Segment Start: Data shown

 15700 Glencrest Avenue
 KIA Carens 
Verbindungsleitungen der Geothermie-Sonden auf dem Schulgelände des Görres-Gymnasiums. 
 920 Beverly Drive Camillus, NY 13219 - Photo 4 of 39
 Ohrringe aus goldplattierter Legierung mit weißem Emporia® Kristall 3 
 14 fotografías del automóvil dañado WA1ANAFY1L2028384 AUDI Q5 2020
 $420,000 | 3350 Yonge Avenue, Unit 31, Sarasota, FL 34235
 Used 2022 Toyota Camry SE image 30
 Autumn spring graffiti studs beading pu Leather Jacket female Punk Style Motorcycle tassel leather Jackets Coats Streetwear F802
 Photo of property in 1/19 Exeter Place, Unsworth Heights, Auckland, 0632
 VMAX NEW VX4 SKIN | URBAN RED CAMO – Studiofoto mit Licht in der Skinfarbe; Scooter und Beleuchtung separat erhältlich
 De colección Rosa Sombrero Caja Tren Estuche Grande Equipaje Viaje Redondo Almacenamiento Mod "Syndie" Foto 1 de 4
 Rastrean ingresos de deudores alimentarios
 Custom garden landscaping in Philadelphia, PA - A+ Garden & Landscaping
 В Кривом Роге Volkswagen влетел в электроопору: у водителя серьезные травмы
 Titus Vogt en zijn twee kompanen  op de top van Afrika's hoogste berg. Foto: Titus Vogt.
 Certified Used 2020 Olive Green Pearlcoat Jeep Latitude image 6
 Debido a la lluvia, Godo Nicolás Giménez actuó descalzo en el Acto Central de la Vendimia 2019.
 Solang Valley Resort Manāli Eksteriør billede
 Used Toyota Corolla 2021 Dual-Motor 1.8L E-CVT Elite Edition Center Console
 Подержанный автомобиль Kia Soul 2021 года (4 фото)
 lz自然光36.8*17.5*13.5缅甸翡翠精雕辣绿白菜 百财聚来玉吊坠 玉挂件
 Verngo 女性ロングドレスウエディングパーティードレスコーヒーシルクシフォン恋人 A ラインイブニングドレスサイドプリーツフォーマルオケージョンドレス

Segment End: Data shown

Exercise objective:
Wherever the word "Photo" occurs in the data, copy that whole line.

Response area:
 920 Beverly Drive Camillus, NY 13219 - Photo 4 of 39
 Photo of property in 1/19 Exeter Place, Unsworth Heights, Auckland, 0632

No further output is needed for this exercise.